▶ **ASSIGNED TASK**: In the records below, reproduce exactly the lines from the one containing "You get to see stereopticon" through the one containing "You take your", both included, and omit the pictures.

[Opening DATASET EXCERPTS section]

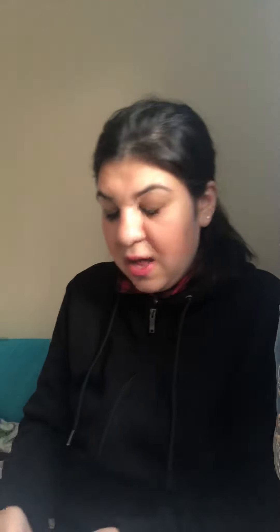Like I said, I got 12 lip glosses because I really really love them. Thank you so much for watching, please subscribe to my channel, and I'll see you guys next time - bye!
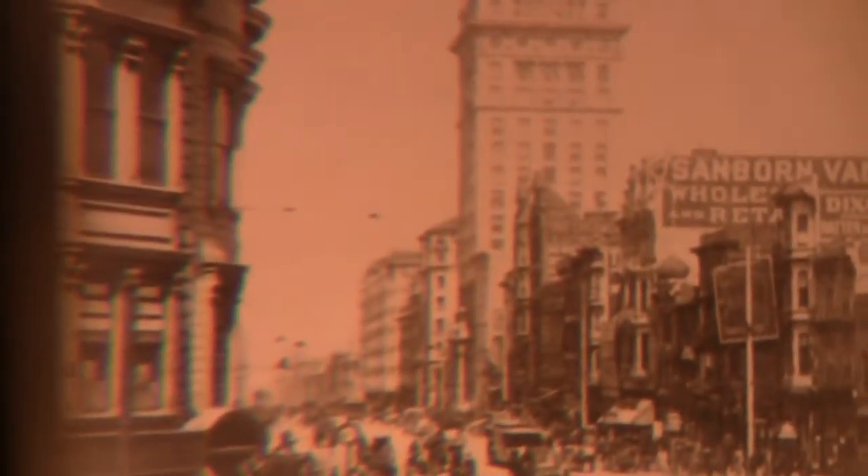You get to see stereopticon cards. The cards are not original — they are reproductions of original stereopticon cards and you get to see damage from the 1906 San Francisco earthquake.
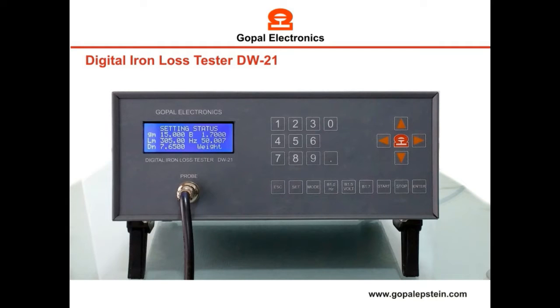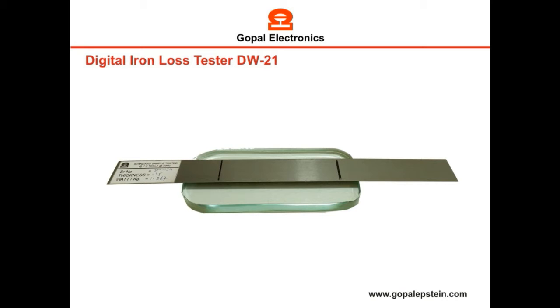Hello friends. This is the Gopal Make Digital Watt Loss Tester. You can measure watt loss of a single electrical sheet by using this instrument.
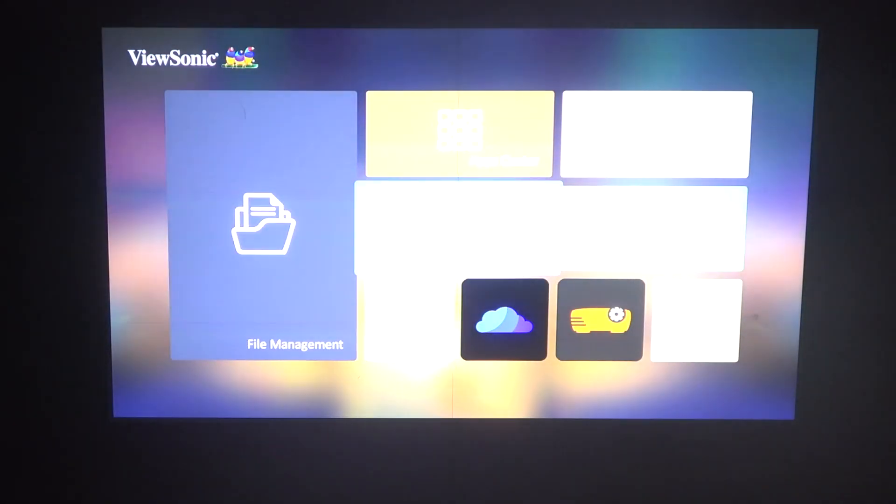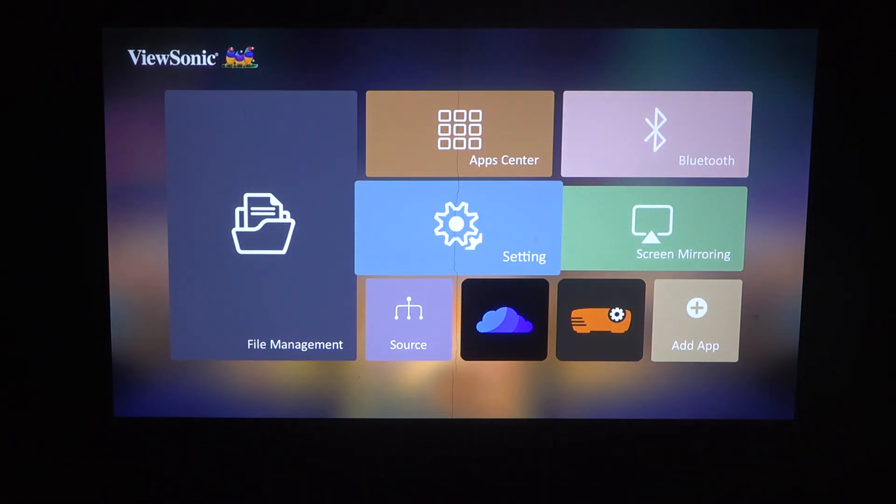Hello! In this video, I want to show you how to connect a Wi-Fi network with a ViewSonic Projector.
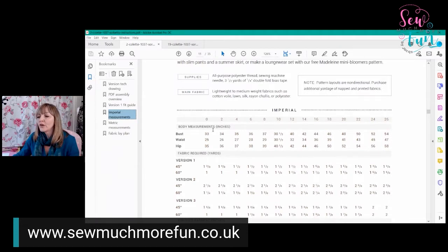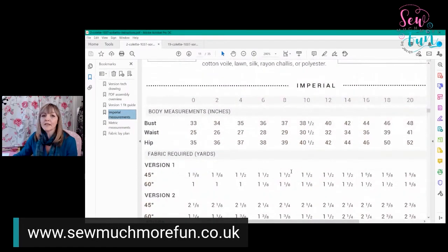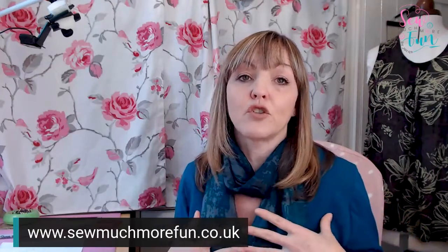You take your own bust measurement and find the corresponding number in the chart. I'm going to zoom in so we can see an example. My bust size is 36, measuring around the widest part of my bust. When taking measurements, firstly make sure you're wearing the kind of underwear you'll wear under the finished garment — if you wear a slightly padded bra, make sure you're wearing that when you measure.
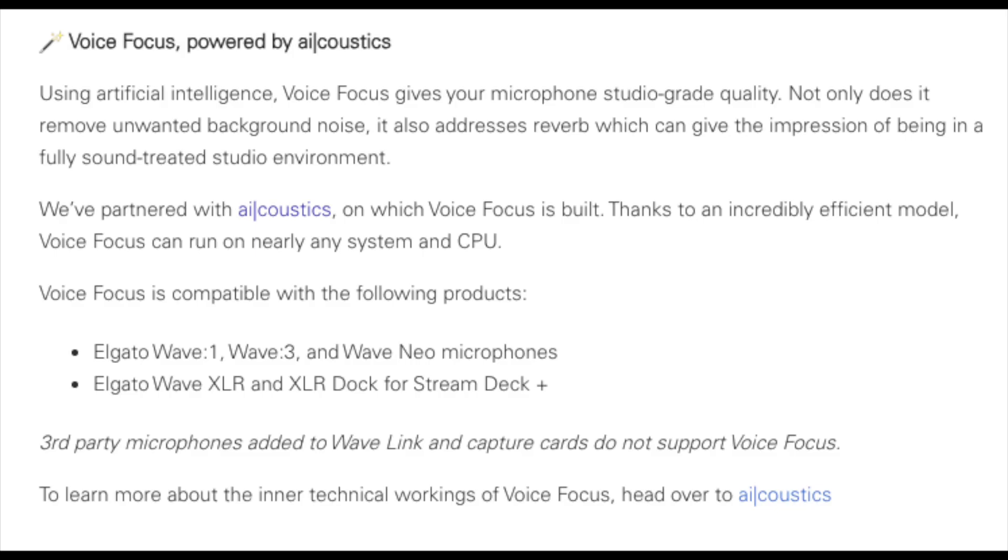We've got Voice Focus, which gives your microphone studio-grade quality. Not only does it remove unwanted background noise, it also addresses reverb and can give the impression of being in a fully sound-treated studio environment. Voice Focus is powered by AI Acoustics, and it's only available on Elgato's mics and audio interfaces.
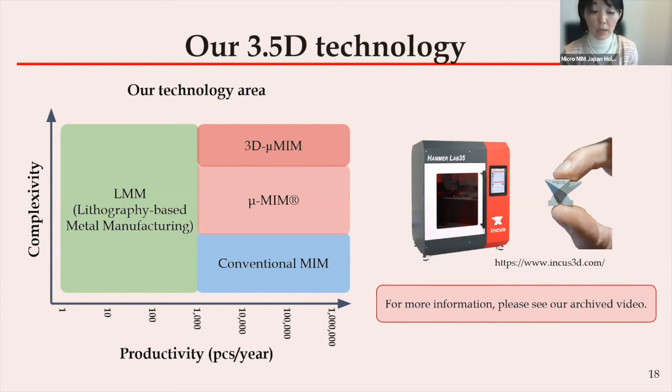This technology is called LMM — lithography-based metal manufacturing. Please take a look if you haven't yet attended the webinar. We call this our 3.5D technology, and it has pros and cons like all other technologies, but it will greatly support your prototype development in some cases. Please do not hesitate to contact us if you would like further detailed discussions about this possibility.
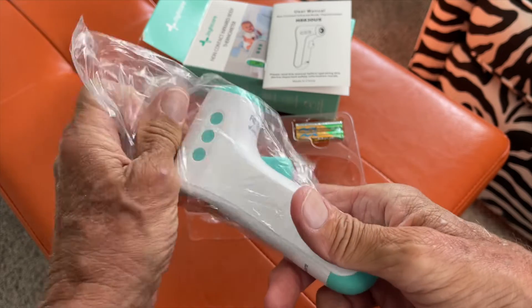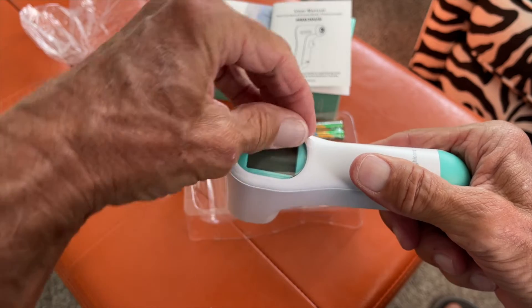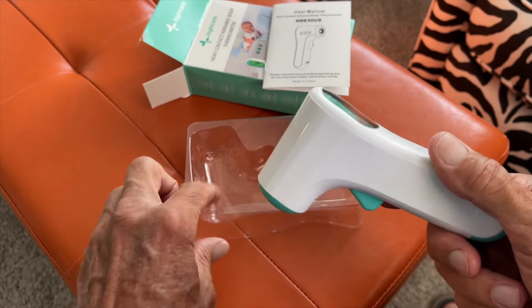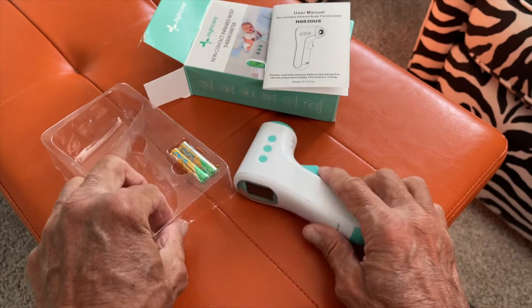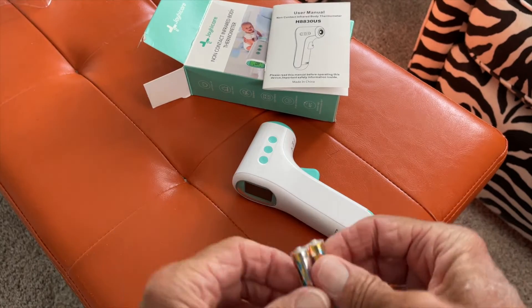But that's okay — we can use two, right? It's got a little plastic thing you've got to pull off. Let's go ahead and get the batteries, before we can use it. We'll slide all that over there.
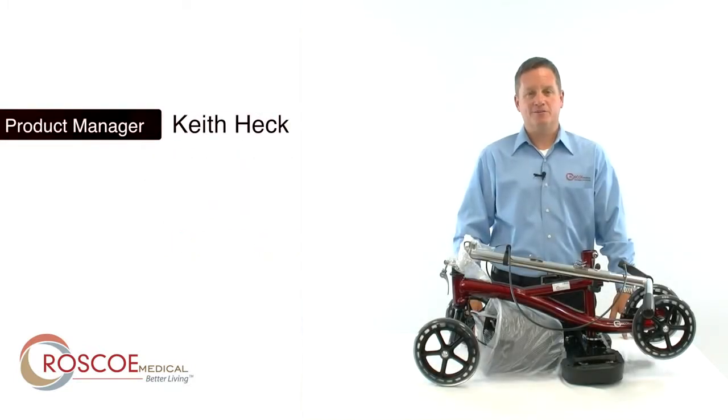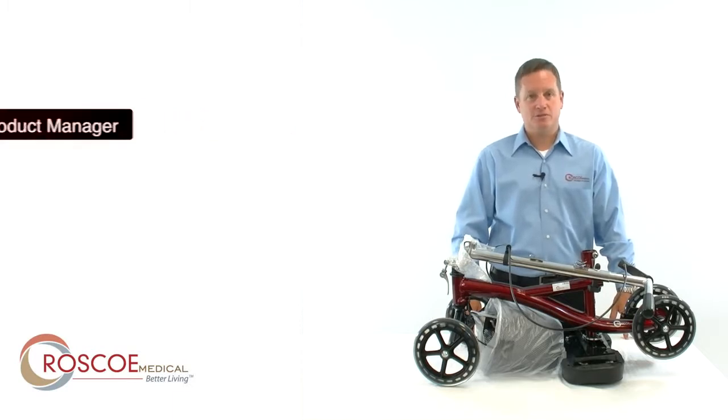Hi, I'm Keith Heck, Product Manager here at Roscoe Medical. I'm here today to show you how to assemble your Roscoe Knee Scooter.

[Closing DATASET EXCERPTS section]

▶ **COMPLETED TASK**:
You get to see stereopticon cards. The cards are not original — they are reproductions of original stereopticon cards and you get to see damage from the 1906 San Francisco earthquake.
Hello friends. This is the Gopal Make Digital Watt Loss Tester. You can measure watt loss of a single electrical sheet by using this instrument.
Hello! In this video, I want to show you how to connect a Wi-Fi network with a ViewSonic Projector.
You take your own bust measurement and find the corresponding number in the chart. I'm going to zoom in so we can see an example. My bust size is 36, measuring around the widest part of my bust. When taking measurements, firstly make sure you're wearing the kind of underwear you'll wear under the finished garment — if you wear a slightly padded bra, make sure you're wearing that when you measure.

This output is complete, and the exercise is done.